The conclusion that has been drawn from this is that between those ages, children learn to determine whether a person deserves good or bad outcomes. That is, they have developed a sense of justice, and see value in rewards and punishments in addition to just straightforward good and bad. University College London child psychologist Uta Frith is quoted in the coverage of this research as saying: “To me this says that toddlers already have more or less adult moral understanding. Isn’t this amazing? I don’t know in what way adults would react in the same situation in a more sophisticated way.”
She may be right that toddlers possess adult moral understanding, but I would add that that doesn’t necessarily say anything good about toddlers; it says something terrible about adults. I also reflects badly on the persons conducting the research, or at least those commenting on it, who seem to be entirely too cavalier about the accuracy of intuitive moral judgments. Although reward and punishment are sensible moral concepts, it seems to me that by lauding eight month olds for having a natural inclination towards tit-for-tat ethics actually contradicts one of the noble axioms we end up teaching them later: two wrongs don’t make a right.
It strikes that based on the description of the experiment, and the accompanying videos of the puppets, the child participants have no reason to believe that the giver and taker puppets actually witnessed the helping or hindering actions of the other puppets. If that’s so, they aren’t judging the appropriateness of specific acts of reward or punishment; rather, they are projecting a sense of justice, from their own points of view, onto independent events. That doesn’t strike me as morally sound. It seems quite subjective, and it may be worth noting that in the experiments this natural subjectivity is coming from someone who has not yet developed an independent sense of self.

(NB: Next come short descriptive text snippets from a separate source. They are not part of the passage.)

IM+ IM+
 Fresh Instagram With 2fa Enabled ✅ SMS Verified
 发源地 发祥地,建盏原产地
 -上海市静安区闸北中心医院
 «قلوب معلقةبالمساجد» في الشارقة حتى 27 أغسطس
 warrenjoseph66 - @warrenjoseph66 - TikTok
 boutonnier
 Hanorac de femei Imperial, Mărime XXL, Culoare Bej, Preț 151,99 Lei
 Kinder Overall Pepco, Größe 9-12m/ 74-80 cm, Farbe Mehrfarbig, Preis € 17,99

I wonder whether it has struck the original researchers that these observations may imply a groundwork for the development of religious concepts in the human mind. Given that the children are not judging the appropriateness of direct reward and punishment from the person who has been harmed or hindered, the justice that is being dispensed turns out to be a sort of cosmic justice. That is, if a child continues to think that good and bad outcomes are deserved or undeserved regardless of their actual connection to prior good deeds or wrongdoing, there comes a certain point at which a sophisticated intelligence needs to give some account of how punishment can work without human intention. Notions like God and karma fit the bill.
So eight month olds and twenty-eight year olds alike might be inclined to think well of unprovoked acts of aggression if their victims have formerly showed themselves to be assholes, because the act is justified from their own limited point of view. That is, many adults may indeed fail to “react in the same situation in a more sophisticated way.” But I certainly think they ought to do better. Adults, who have had some time to reflect on the tremendous nuance of ethical calculations, should be capable of making moral judgments from an objective point of view.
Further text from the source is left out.